30 April 2005

GTU library undergoes repairs



Frank Wilson’s house, seen from Hearst Avenue
(Edward H. Mitchell postcard)


The Graduate Theological Union’s Flora Lamson Hewlett Library is about to undergo repairs and waterproofing construction, which will begin on 2 May and is expected to be completed by mid-November 2005.

The library is located at 2400 Ridge Road, former site of the Frank M. Wilson house. Wilson was the president of the Scenic Park Realty Co., which subdivided the Northside tract known as Daley’s Scenic Park. An early member of the Hillside Club, Wilson hosted Club meetings at his house, a barn-like Brown Shingle built by George Frederick Estey in 1894.

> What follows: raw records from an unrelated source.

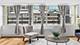 40 E Cedar Unit 18A, Chicago, IL 60611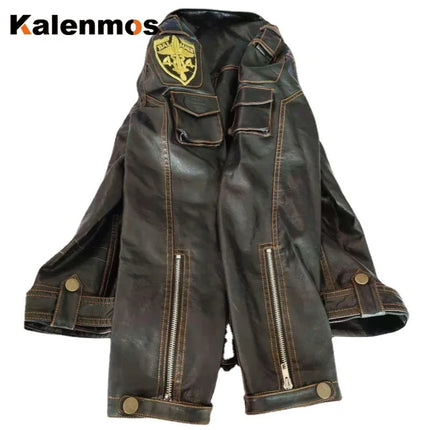 Scef6114c127147af9875c612dc1436925 - platinumshop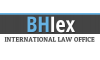 BHlex International Law Office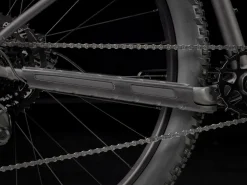 Trek Bikes Marlin 5 Gen 3 Outlet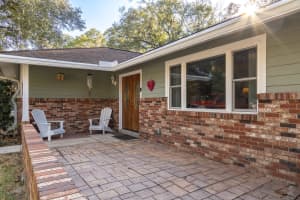 3718 29TH STREET, GAINESVILLE, FL 32605 Sold 04/07/25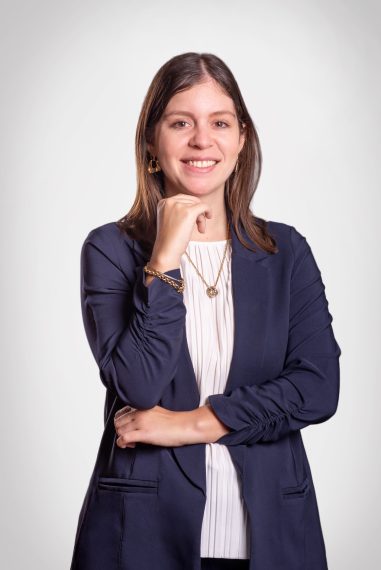 Nicolle Rutzke Figueroa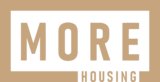 MORE Housing Ltd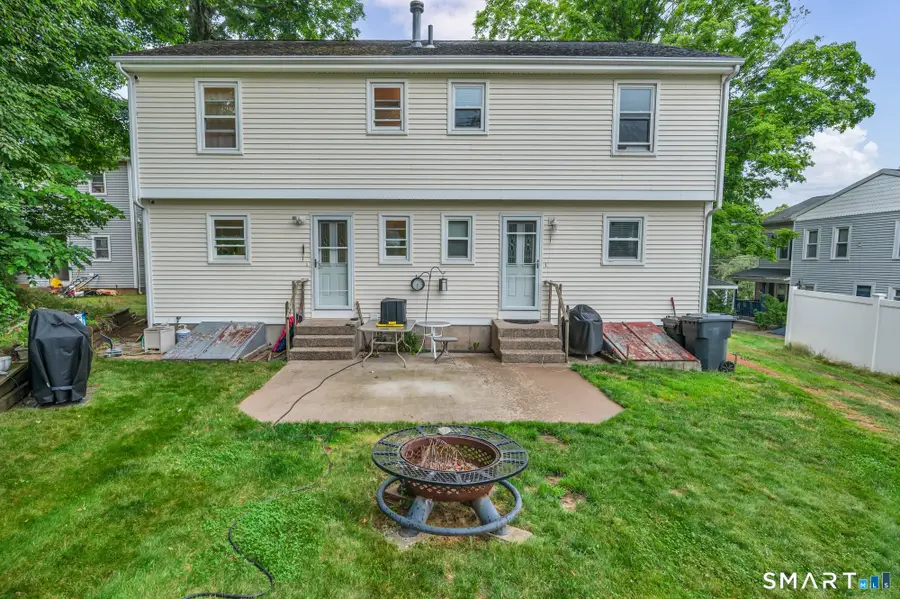 271 Berlin Avenue, Southington, CT 06489 - #3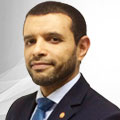 Prof. Felipo Luz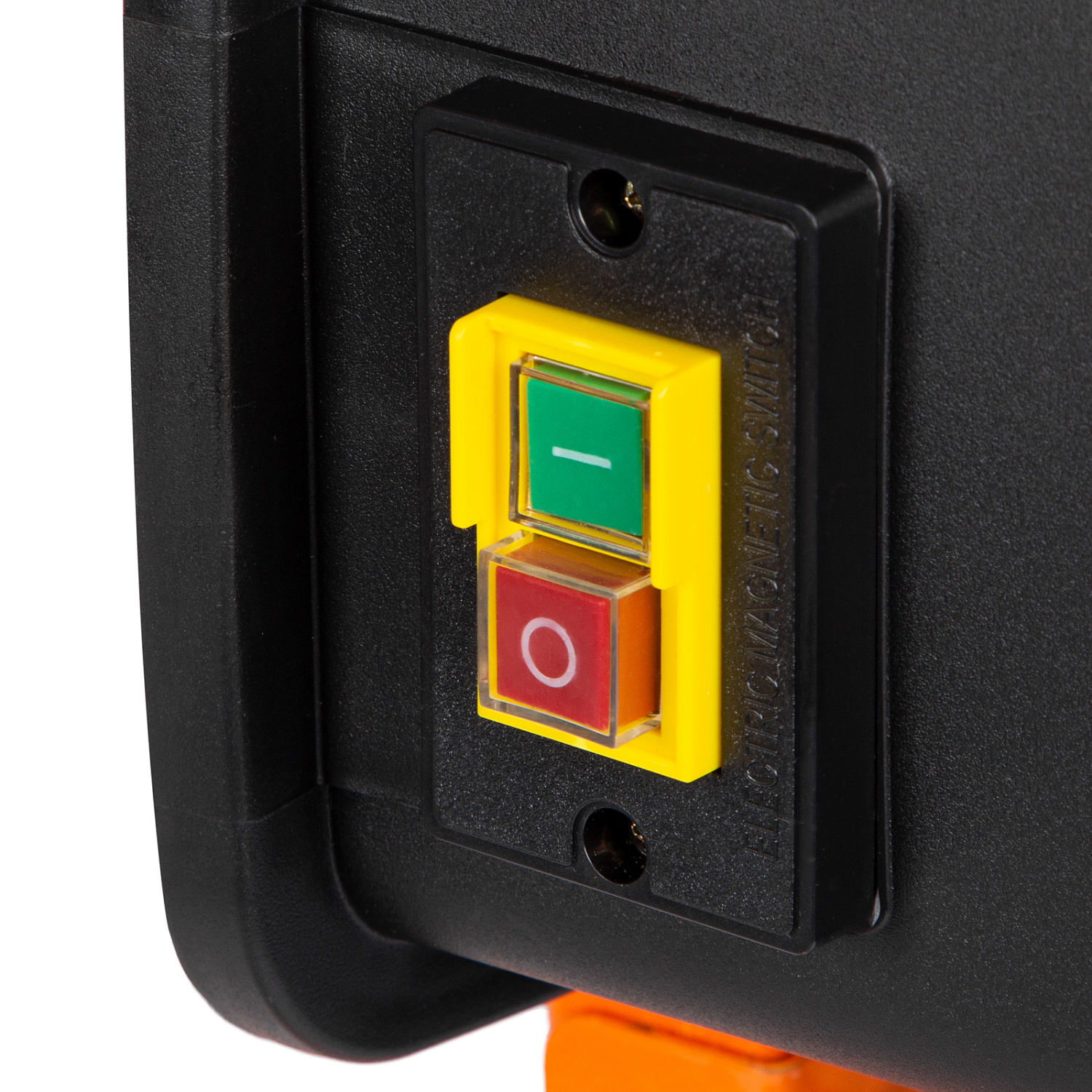 c03a9ac169bf8addb5d64ac31a6a2920aca1fc59_95471_10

When Benjamin Ide Wheeler came to Berkeley to assume the presidency of the university, Frank Wilson sold him a large lot at 1820 Scenic Avenue, across the street from Wilson’s own house. It was Wilson who engaged the architect A.E. Matthews and the contractor Dingwell Brothers to build Wheeler’s shingled residence in 1900. Next door, at 1816 Scenic Ave., Wilson commissioned in 1902 a temporary residence (later to become the university reception hall) for Regent Phoebe Apperson Hearst. This building was designed by Ernest Coxhead, who went on to design Mrs. Hearst a more permanent residence around the corner, at 2368 Le Conte Avenue. All three houses are still standing.

On the Ridge Road side, Wilson sold a lot to U.C. Supervising Architect John Galen Howard, who built his home at no. 2420 in 1902. Next door and across the street, Howard designed homes for Lucy Sprague Mitchell, the first Dean of Women at U.C., and for her brother-in-law, economics professor Adolph C. Miller. Of the three houses, only the Miller residence survived the 1923 fire. It is now an USCA residential co-op called Ridge House.


Wilson house and neighboring residences in 1911 (Sanborn maps)

After the 1923 fire, various seminaries esablished themselves in the vicinity (the land was cheap), hence the moniker Holy Hill. The Wilson plot remained in private hands, and by the late 1950s, both USCA and U.C. were vying for it. The university wanted to build a parking structure at Hearst and Scenic and a string of buildings to its north. USCA had more grandiose plans; as recounted in its official history, the architects Ratcliff & Ratcliff presented a design for the following USCA complex in 1959:
A three-winged high-rise men’s residence unit spoked around a living-center hull would tower twelve stories above Ridge and Scenic. An eight-floor hall for women would squat in the present location of Ridge House. Between these two massive structures a central kitchen, office, and dining room edifice would sit.

The university stopped USCA’s plan. It built the parking structure, but nothing more. The GTU Library history tells us:
The site for a new library building at the corner of Ridge and Scenic was purchased from the American Baptist Seminary of the West and the San Francisco Theological Seminary. The lot was known as the “Wilson Property.” [...]

In 1972, the architect, Louis I. Kahn was chosen to design a library and administration building. [...] (The drawings for Louis Kahn's original design for the library are at the Architectural Archives of the University of Pennsylvania.) Kahn completed preliminary designs, but died suddenly in 1974. The GTU then selected the architectural firm of Peters, Clayberg and Caulfield, in association with Esherick, Homsey, Dodge, and Davis, to carry on the project Kahn inspired.

The process for building permits was difficult. Neighborhood and student groups opposed the new construction. After many delays, permits were granted, the existing structure demolished and the site prepared. It was now 1979, and the building fund was not enough to cover the cost. The GTU Board of Trustees decided to build the library in two Phases. Phase I construction consisting of the basement and Level I began in 1979, and was completed in 1981. [...] Phase II construction of Levels II, to complete the Library, and III, to house GTU administration offices, began in 1985 and was completed 1987.